Несмотря на некоторую сложность стиля изложения, во многих случаях мы должны будем дать слово самому Антонио, чтобы читатель смог — в оригинале, а не в пересказе — ощутить всю великолепную диалектику, столь органически присущую всему его творчеству. Эта великолепная диалектика мысли не могла не отразиться и на чисто внешней, стилистической форме сочинений Грамши. Грамши-писатель не гнался за внешней красивостью. Но сложность и утонченность мысли не могла не повлечь за собой и известной формальной усложненности. Нужно учесть еще дополнительную усложненность перевода, ибо за ряд синтаксических построений ответственность должна быть возложена уже не на автора, а на его иноязычных истолкователей. Но и при учете всех этих факторов, неизбежно затрудняющих чтение, Грамши стоит читать в его подлинном виде, и, отчасти из этих соображений, пишущий эти строки не скупится на цитаты. Стиль — это человек, это уже давно стало общим местом, и то, что человек написал сам, хотя бы и не о себе самом, характеризует его, быть может, гораздо полнее и глубже, чем самая филигранная романизированная биография…

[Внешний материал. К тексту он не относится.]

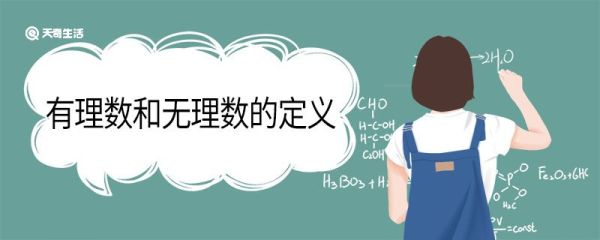 有理数和无理数的定义 有理数和无理数的定义和区别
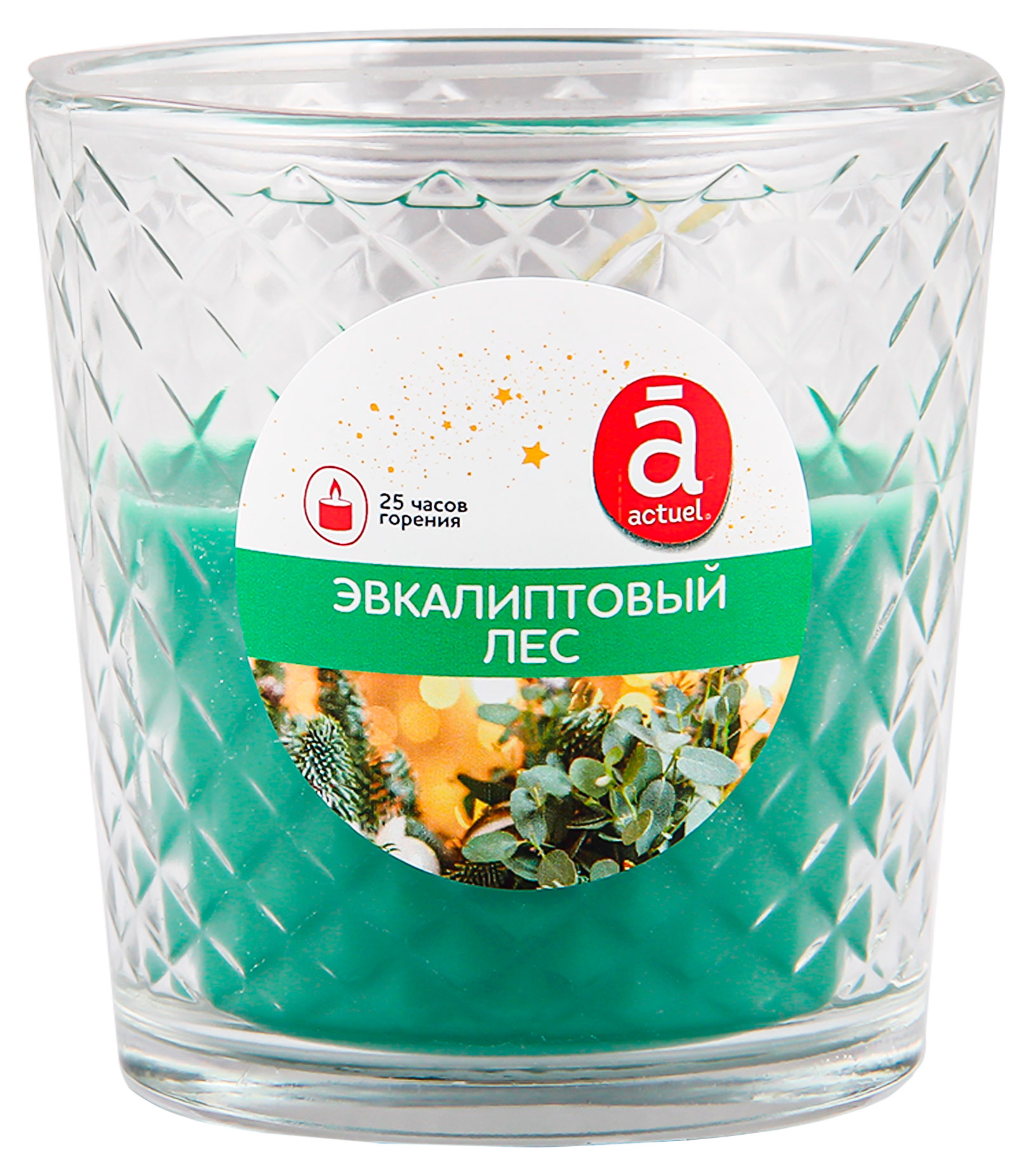 

Свеча ароматическая Actuel Эвкалиптовый лес двухцветная в стакане, 8,5 см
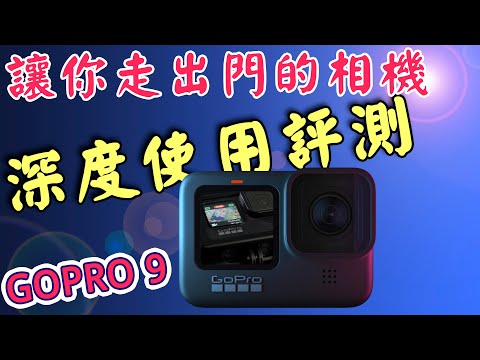 gopro 9 評測 到底值不值得買？超級實用評測分析 攝影筆記051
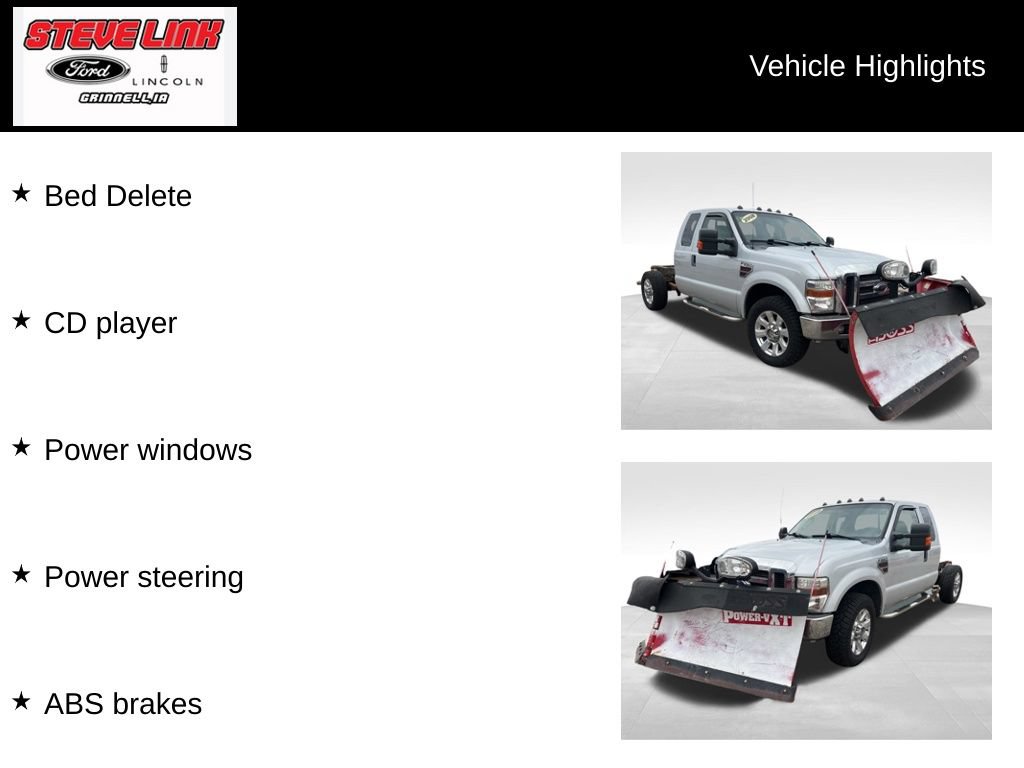 Used 2008 Ford F250 4x4 SuperCab Super Duty image 7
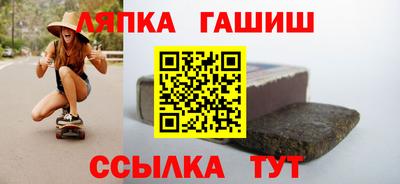 стафф Наро-Фоминск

«Тюремные тетради» — документ в своем роде единственный и неповторимый.

Много было в истории человечества узников, осужденных, заключенных, лишенных радостей свободы, в одиночестве, в тюремном одиночестве склонявшихся над рукописью, — людей, торопившихся запечатлеть на бумаге обуревающие их мысли и чувства.

Антонио Грамши был прежде всего политическим борцом, борцом истинным и беззаветным и не пощадившим жизни своей, сознательно пошедшим на величайшие муки и величайшие испытания. Но, пожалуй, в натуре его преобладали черты ученого, поэта, философа. Они, эти черты, отступали на задний план в те годы, когда он находился в самой гуще политической борьбы. А в годы тюремного заключения, в последние годы жизни, оторванный и отторгнутый от людей, от соратников по революционной борьбе, от родных и близких, — как мог поступить Антонио, что он мог сделать, чтобы и в этих тягостнейших условиях оставаться полезным своей стране, своей партии, своему народу? Он должен писать, писать во что бы то ни стало. Для него это не просто отдушина, бегство от одиночества. Нет, это его борьба, это его способ продолжать борьбу за дело всей его жизни, только иными средствами. И здесь, в тюремной камере, он остается революционером, он ведет революционную борьбу. И, стало быть, он активен. Он по-прежнему связан с миром.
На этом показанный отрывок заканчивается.